(EXERCISE OBJECTIVE): Copy exactly, no pictures: every line from the one that contains "Lepismium cruciforme Red Tip" through the end of the entries below.

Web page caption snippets
= = = = = = =

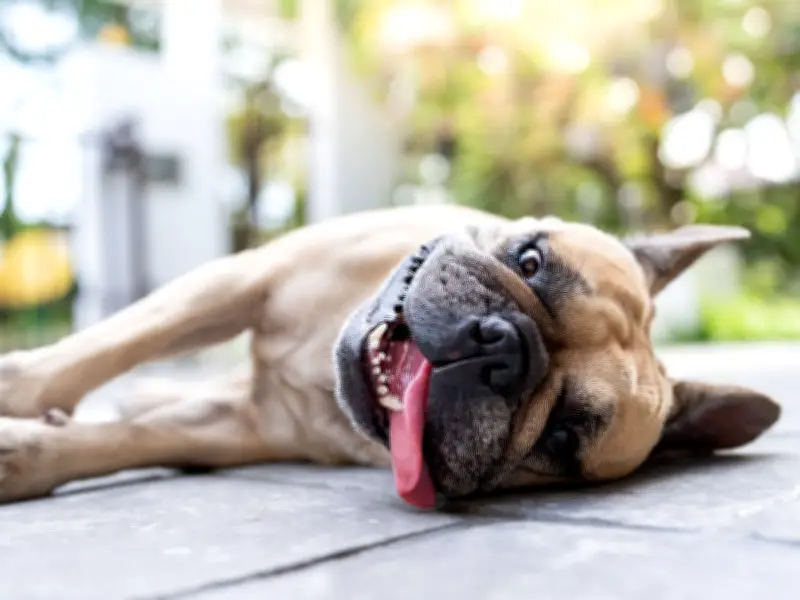 RSPCA Warns Owners of 4 Dog Breeds to Take Extra Care in Heatwave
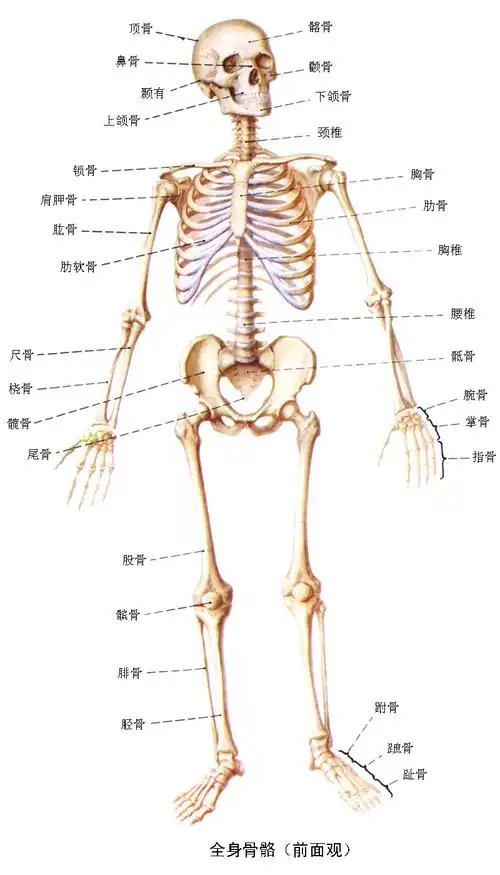 地震伤残截肢者的康复与护理 视频(6)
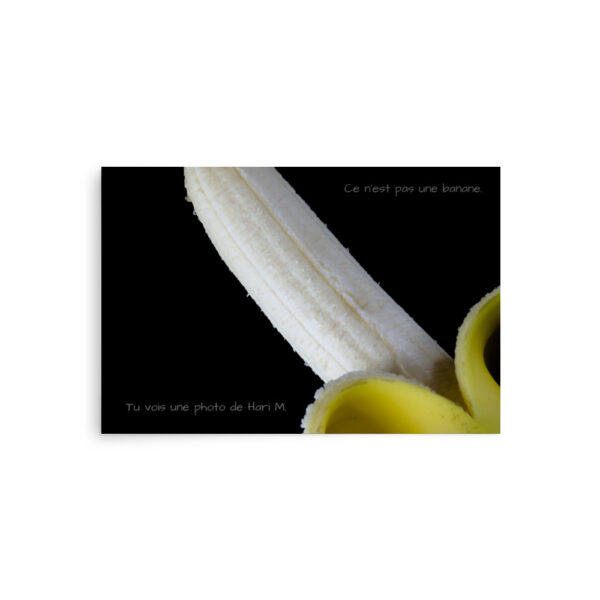 Limited edition by Hari M. –  The banana paradox - Image 13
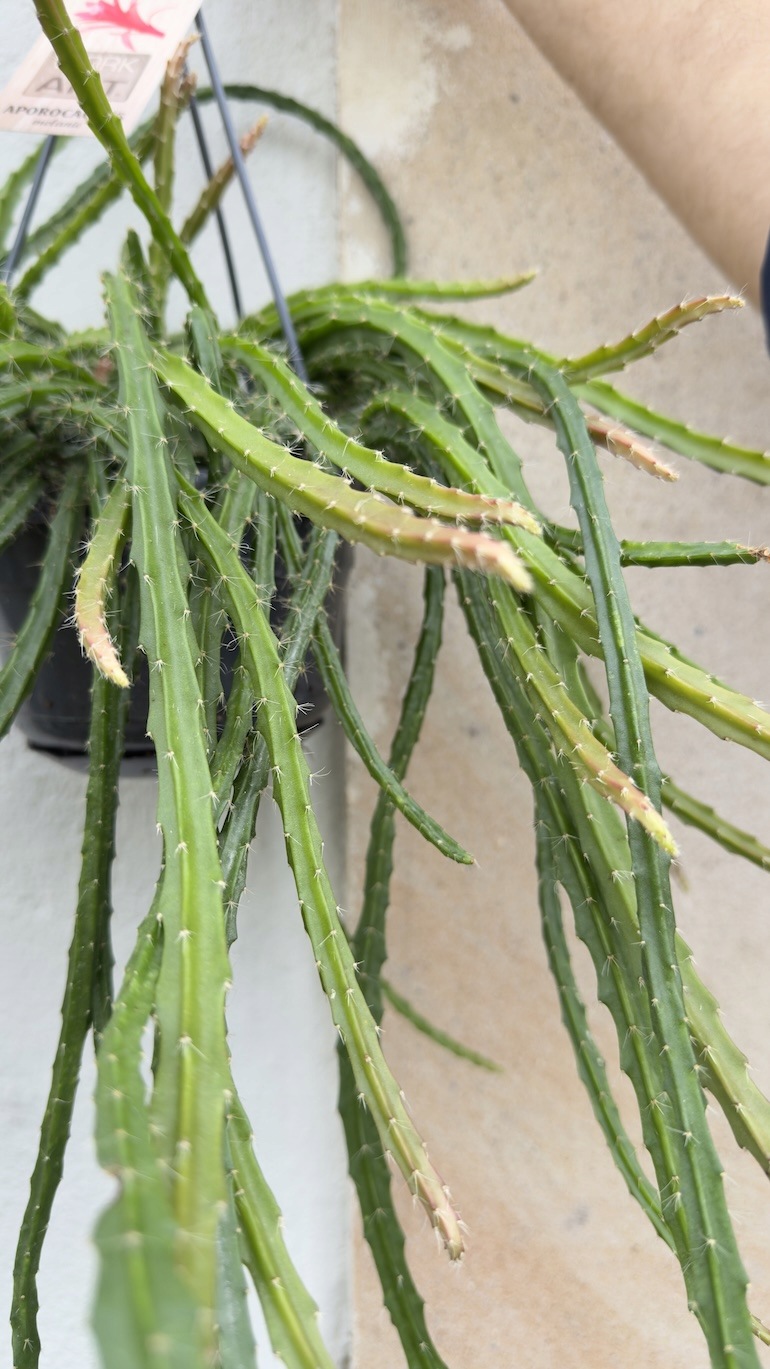 Lepismium cruciforme Red Tip
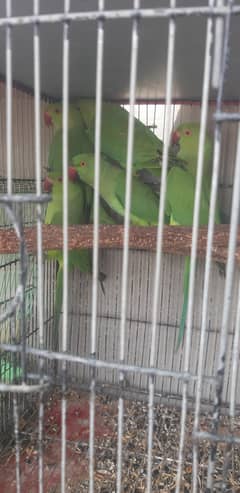 Ring neck Patthe 5 months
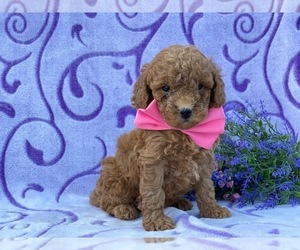 Poodle (Toy) Puppy for sale in LANCASTER, PA, USA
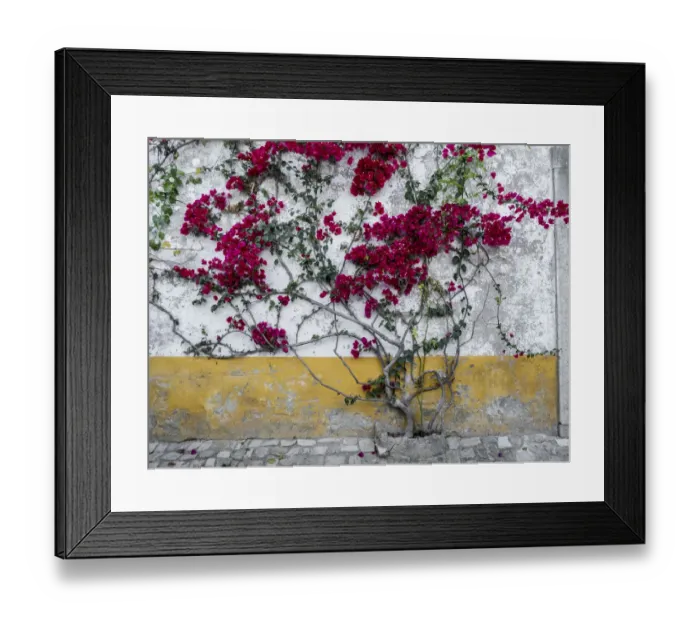 Framed Print : Portugal, Obidos. Beautiful bougainvillea blooming in the town of Obidos, one of Framed Print : Portugal, Obidos. Beautiful bougainvillea blooming in the town of Obidos, one of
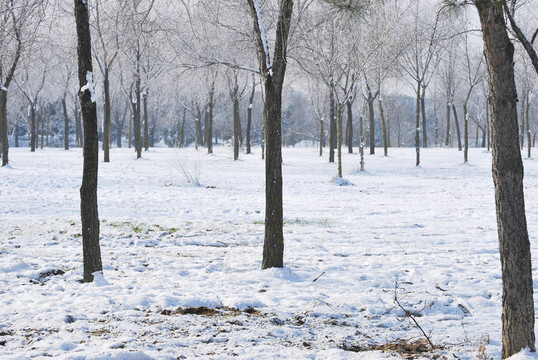 下雪的場景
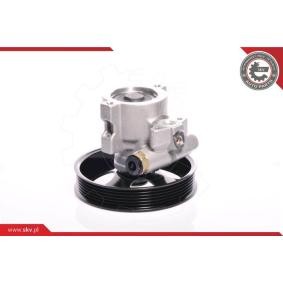 Compre Bomba de direção da ESEN SKV 10SKV143 a um preço baixo por 90,98 €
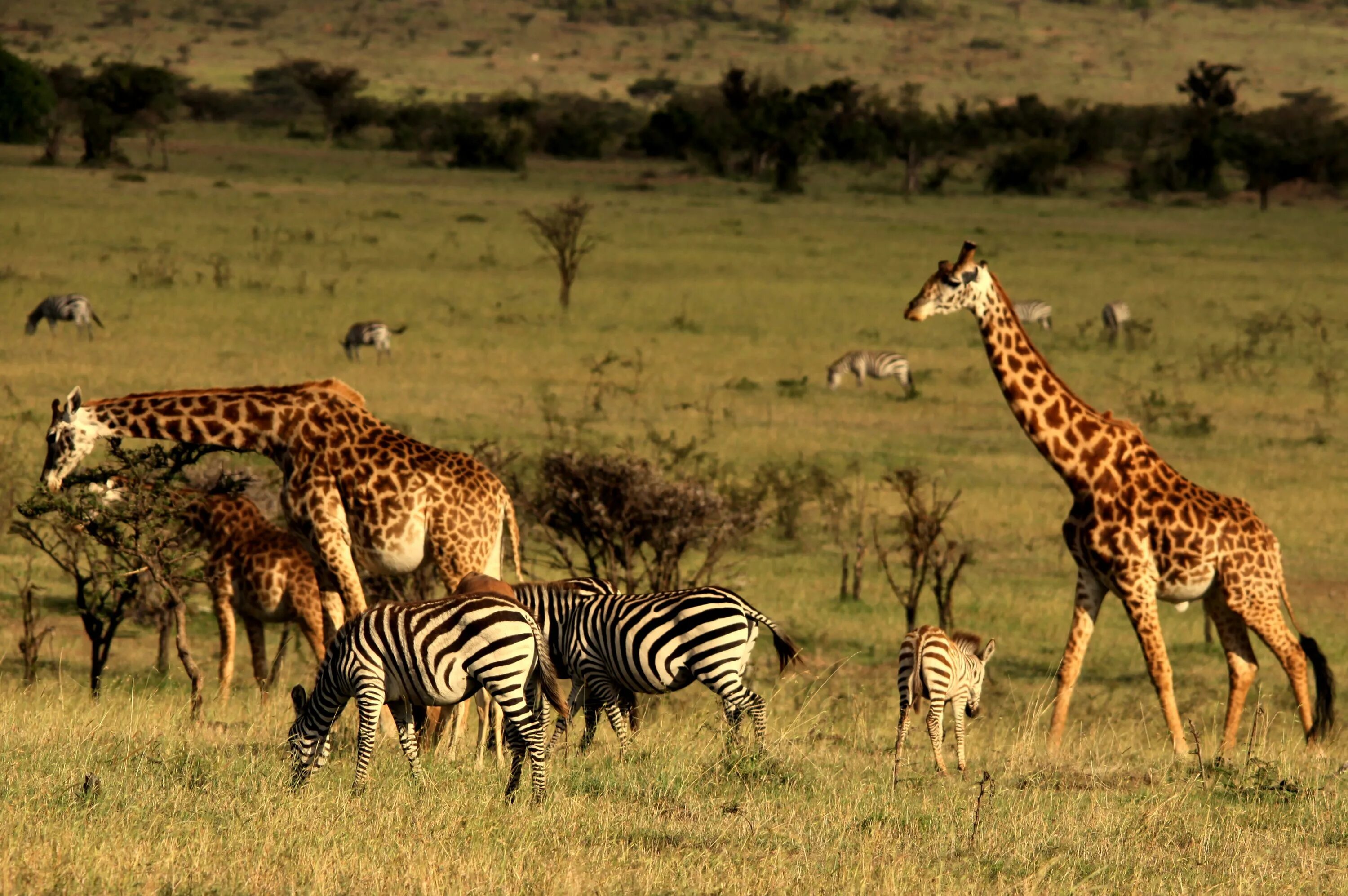 Africa safari. Африка Найроби сафари.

= = = = = = =

(EXERCISE RESPONSE):
 Lepismium cruciforme Red Tip
 Ring neck Patthe 5 months
 Poodle (Toy) Puppy for sale in LANCASTER, PA, USA
 Framed Print : Portugal, Obidos. Beautiful bougainvillea blooming in the town of Obidos, one of Framed Print : Portugal, Obidos. Beautiful bougainvillea blooming in the town of Obidos, one of
 下雪的場景
 Compre Bomba de direção da ESEN SKV 10SKV143 a um preço baixo por 90,98 €
 Africa safari. Африка Найроби сафари.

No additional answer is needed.